Brazen: Grey Boxes
By Jo Phillips
Few, if any architectural styles are as brazen as brutalism. For me, to be brazen is to be bold, undisguised and shameless but also stubborn, and it is this stubbornness that sees brutalism withstand a huge amount of criticism whilst maintaining a loyal band of followers. The grey box may have become homogenous and synonymous with drab 60’s public housing, but its effectiveness in the right hands is too often overlooked.
Image of Stock Exchange – Day. Source: Designboom.
Rem Koolhaus and the Dutch based Office for Metropolitan Architecture (OMA) have long championed simple yet brooding geometric forms. OMA’s recently completed Shenzhen Stock Exchange is architecture that quite literally means business. It’s brazen, bold, unembarrassed and even a little cheeky, nicknamed ‘The Miniskirt’ for the horizontal element that sits 36 metres above ground overshadowing a public space below. It’s a remarkable feat that this building retains some softness and romance, and gives hope for fans of the brutal everywhere.
Image of Stock Exchange – Night. Source: 1.bp.blogspot.com
It’s a grey box, yes. It’s two grey boxes. Describe it and many will probably think of the Southbank Centre and wonder why the hell we haven’t given up on this type of thing. But this is the brutal liberated from its 1950s origins and blasted into some classy dystopian financial future. What looks like concrete from afar is in fact a structural grid overlayed with a glass skin, one that remains appropriately austere on an overcast day but becomes almost transparent at night. OMA aren’t alone in showing that the brazen grey box can be inspiring: Japanese architect Tadao Ando has been doing it for years. A few years after Ernő Goldfinger’s Trellick Tower went up in North Kensington (later becoming britpop’s go-to music video backdrop), Ando’s Azuma House graced Osaka, one of, if not the most austere residential project I’ve ever come across.

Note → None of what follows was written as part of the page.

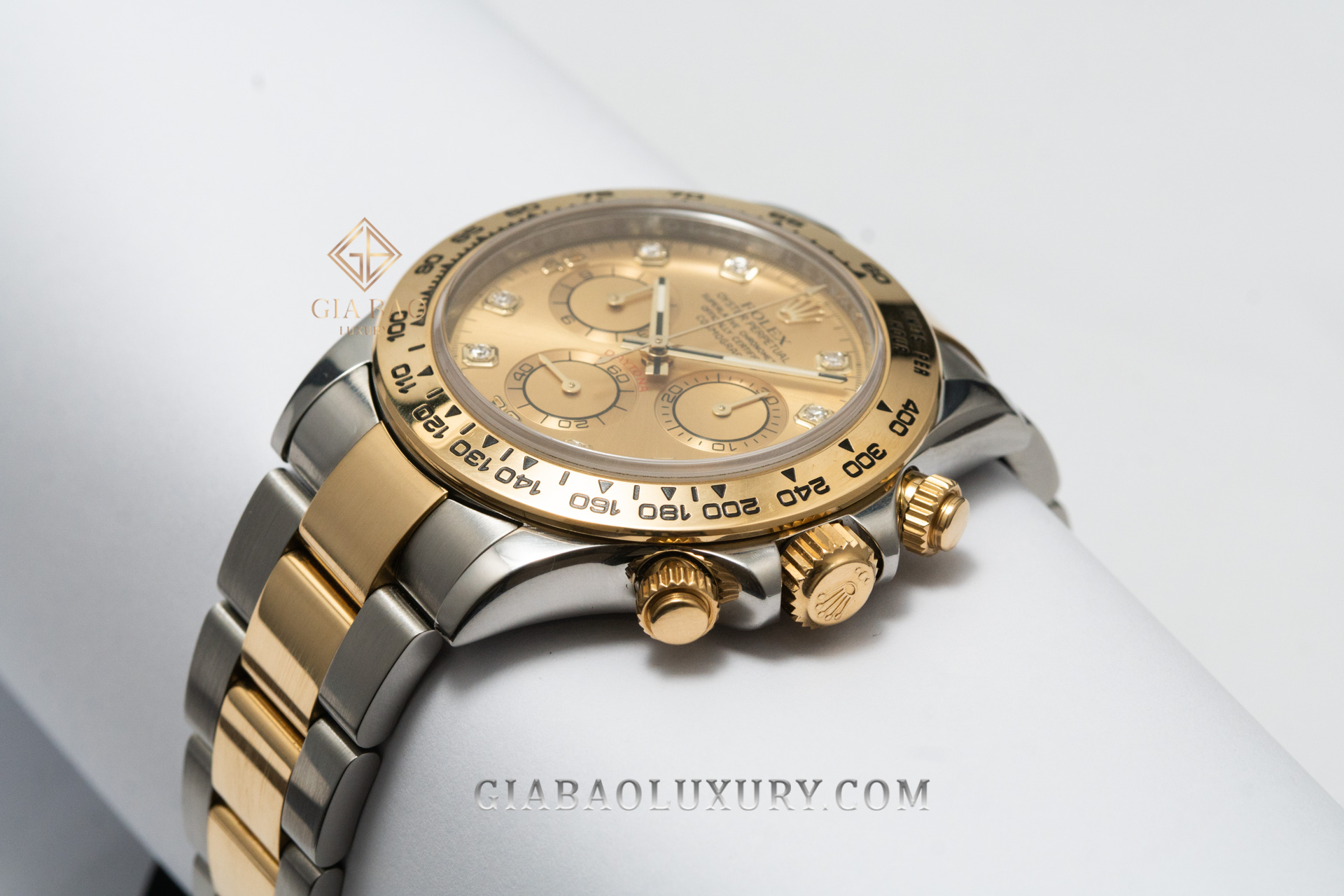 Đồng Hồ Rolex Cosmograph Daytona 116503 Mặt Số Vàng Champagne Nạm Kim Cương
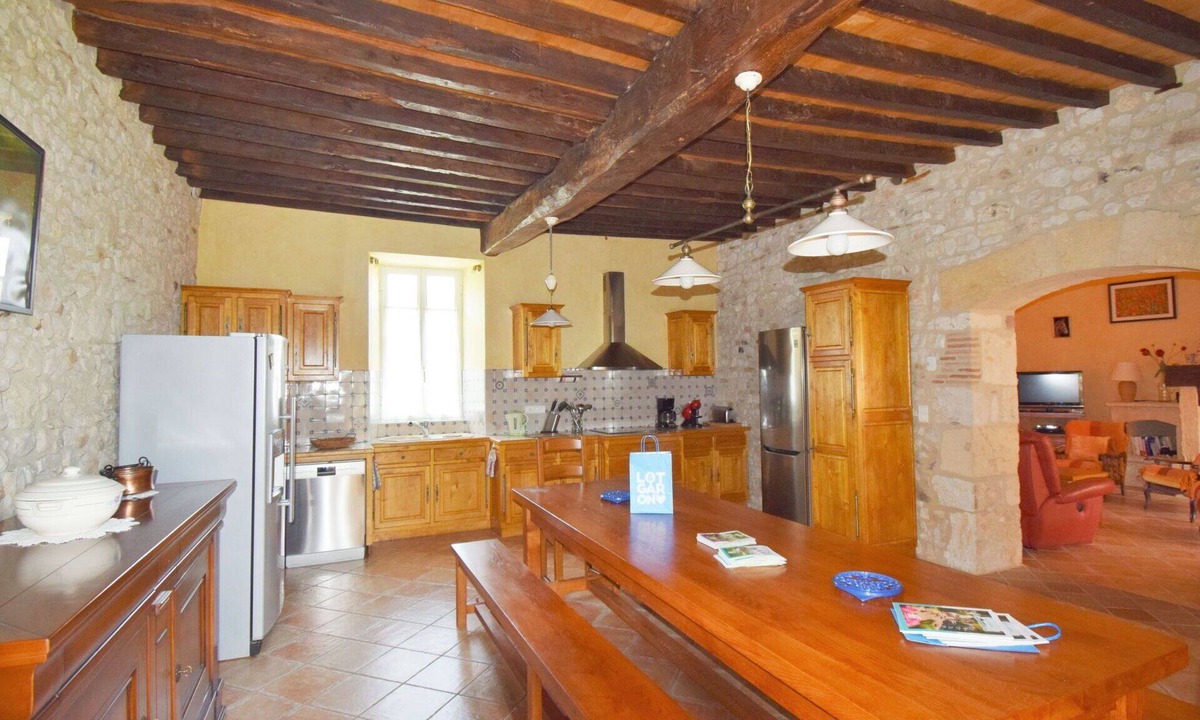Saint-Georges Villa | Stunning private villa for 11 people with private pool, TV, terrace and parking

Image of Azuma House. Source: farm4.staticflickr.com
This is brutalism in the extreme, going as far as to fetishise the marks left by the precast concrete’s moulds, and yet it works to create spaces that are surprisingly sensitive. Ando’s box slips into a tiny urban site, where its passive form appears anything but. No one can deny the raw power of a space like Ando’s Church of the Light; this is the same attitude and material that has led to some of England’s most despised architecture. There’s nothing wrong with brutal, grey box-like architecture, it is simply a victim of too often being the product of laziness when it should be proud of what it is.
Image of Church of Light. Source: 2.bp.blogspot.com.